This ought to be a glorious moment for the telecommunications industry.

Around the world, people are spending record amounts of money to use its networks to talk and e-mail and exchange immense amounts of information. The pace of technological innovation is positively breathtaking. Trillions of dollars have been invested in its growth. Instead, the industry is in the midst of a financial meltdown. It has become a significant factor holding back the economic recovery, not just in the United States but also globally. The stock market's current funk stems in significant part from concern over telecom stocks, which drove the late 1990s rally but since their peak have generated paper losses of more than $ 1 trillion, by some estimates.

In the boom years, there seemed no limit to telecom's prospects-—Success bred suecess, confidence led to more confidence, growth produced growth. Now the same feeding-on-itself dynamic is at work in reverse, dragging with it not only weak companies but the strong as well. The problem traces its origins back to Wall Street, where lenders and investors, eager to get in on the next Microsoft, simply provided too much money to too many companies to build too many competing networks. What few realized, however, was that with so many companies following roughly the same strategy, it was unlikely that all that capacity would be needed or that any one company would achieve the critical mass necessary to survive and prosper.

In desperation, companies began to try to "buy" market share by cutting prices—unlimited minutes for $39.99 a month, free phones, no roaming charges, long-distance priced the same as local. In time, however, everyone was forced to do it, creating a price war that eventually left many companies with barely enough revenue to pay operating expenses, let alone interest on their huge mounds of debt. According to industry executives and analysts, things are likely to get worse before they get better. As more companies "restructure" their finances under the bankruptcy process, they will be able to reenter the competition with their balance sheets wiped clean of most of their debts, allowing them to offer even lower prices than competitors still trying to make their interest payments. To remain competitive, the non-bankrupt companies will have to match the lower prices, putting them on the path to bankruptcy.

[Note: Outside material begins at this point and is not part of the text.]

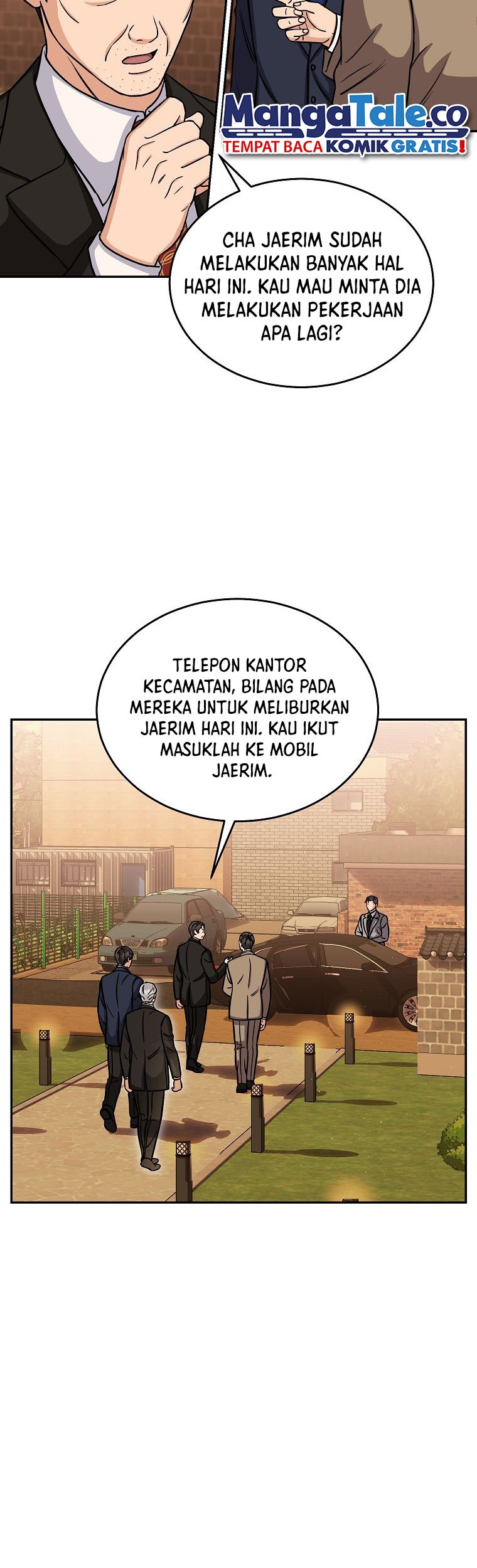 The Congressman Gives Me Good News! Chapter 18 Gambar 6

Telecom wouldn't be the first to go through such a boom-and-bust cycle. During the railroad boom of the late 1880s, so much money was invested building so many parallel tracks—or tracks to places that would never support profitable service—that the entire industry went bankrupt. Much the same story is told of the airline industry, which because of so many losing years has yet to turn a net profit. If the history of these other industries is any guide, telecommunications surviving giants will compete aggressively, but never to the point of lowering prices so much that they can't continue to pay their lenders and provide a modest profit to their owners.